We expect two parameters on the command line. The number of parallel processes to run and how many files to process. For parallel 0 means not to use the forking mechanizm at all. We use the number of files instead of accepting the list of files on the command line, becasue it is easier to select a subset of the files this way.

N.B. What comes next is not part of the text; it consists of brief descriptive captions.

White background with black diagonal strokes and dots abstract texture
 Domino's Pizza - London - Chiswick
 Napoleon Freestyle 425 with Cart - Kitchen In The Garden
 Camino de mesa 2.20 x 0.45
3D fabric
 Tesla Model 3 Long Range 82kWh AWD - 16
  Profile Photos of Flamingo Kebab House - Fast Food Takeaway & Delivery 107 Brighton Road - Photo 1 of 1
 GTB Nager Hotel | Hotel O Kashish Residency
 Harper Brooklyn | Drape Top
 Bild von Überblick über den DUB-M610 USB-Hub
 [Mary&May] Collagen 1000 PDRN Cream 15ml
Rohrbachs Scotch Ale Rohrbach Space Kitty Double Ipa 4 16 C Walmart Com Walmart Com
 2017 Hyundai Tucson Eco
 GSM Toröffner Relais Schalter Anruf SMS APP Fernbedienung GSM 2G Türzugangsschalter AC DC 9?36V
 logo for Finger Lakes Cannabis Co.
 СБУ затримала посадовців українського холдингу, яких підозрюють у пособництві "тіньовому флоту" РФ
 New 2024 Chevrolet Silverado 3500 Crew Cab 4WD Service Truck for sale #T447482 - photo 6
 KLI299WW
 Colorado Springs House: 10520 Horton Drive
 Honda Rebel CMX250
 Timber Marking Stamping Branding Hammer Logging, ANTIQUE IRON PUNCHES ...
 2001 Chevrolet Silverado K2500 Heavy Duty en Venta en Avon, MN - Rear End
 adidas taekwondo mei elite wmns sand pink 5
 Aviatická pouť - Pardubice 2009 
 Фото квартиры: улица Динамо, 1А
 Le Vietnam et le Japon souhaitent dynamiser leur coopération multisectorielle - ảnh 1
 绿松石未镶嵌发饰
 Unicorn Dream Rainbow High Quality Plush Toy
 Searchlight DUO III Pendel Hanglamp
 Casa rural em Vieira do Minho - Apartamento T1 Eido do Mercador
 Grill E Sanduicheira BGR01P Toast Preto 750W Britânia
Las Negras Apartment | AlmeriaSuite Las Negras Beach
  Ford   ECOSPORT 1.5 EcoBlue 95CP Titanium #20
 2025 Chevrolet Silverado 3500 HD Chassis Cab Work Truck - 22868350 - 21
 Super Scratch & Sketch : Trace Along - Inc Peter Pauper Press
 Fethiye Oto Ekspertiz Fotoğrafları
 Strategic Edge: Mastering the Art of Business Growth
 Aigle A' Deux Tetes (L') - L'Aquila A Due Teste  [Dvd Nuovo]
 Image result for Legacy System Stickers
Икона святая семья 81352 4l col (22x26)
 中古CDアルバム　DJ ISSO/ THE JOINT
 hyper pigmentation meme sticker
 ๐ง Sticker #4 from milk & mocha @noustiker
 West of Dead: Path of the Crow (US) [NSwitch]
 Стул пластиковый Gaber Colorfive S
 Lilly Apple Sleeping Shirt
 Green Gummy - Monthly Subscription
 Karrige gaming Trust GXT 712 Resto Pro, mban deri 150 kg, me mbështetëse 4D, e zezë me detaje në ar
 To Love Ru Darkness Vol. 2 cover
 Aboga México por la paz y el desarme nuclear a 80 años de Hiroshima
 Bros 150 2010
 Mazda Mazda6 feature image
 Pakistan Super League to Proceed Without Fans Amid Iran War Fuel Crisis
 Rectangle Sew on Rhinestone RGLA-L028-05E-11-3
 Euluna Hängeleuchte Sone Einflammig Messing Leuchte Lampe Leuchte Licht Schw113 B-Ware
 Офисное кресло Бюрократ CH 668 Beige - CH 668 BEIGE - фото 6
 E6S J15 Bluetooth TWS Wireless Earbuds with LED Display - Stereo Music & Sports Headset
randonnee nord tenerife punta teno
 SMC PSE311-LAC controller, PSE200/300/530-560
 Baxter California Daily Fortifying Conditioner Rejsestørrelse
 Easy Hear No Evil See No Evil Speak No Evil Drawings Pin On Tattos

examples/forks/process_csv.pl
use strict;
use warnings;
use Time::HiRes qw(time);
use lib '.';
use Task;
use ForkedProcessCSV;

main();

sub main {
    my ($parallels, $file_count) = @ARGV;
    die "Usage $0 PARALLELS FILE_COUNT\n"  if not defined $file_count;

    my %results;
    my @files = sort glob "data_*.csv";
    die "Not enough files\n" if $file_count > @files;
    @files = @files[0 .. $file_count-1];
    #print "@files";

    my $start = time;
    if ($parallels == 0) {
        for my $file (@files) {
            my $total = Task::process_file($file);
            $results{$file} = $total;
        }
    } else {
        %results = ForkedProcessCSV::process_csv($parallels, @files);
    }

    for my $file (@files) {
        print "$file $results{$file}\n";
    }

    my $end = time;
    my $elapsed = $end-$start;
    printf "Elapsed time %.2f\n", $elapsed;
}

$ perl process_csv.pl 0 1
Elapsed time 1.51

$ perl process_csv.pl 0 4
Elapsed time 5.92

$ perl process_csv.pl 2 4
Elapsed time 4.02

$ perl process_csv.pl 4 4
Elapsed time 4.01

$ perl process_csv.pl 0 10
Elapsed time 15.18

$ perl process_csv.pl 4 10
Elapsed time 9.05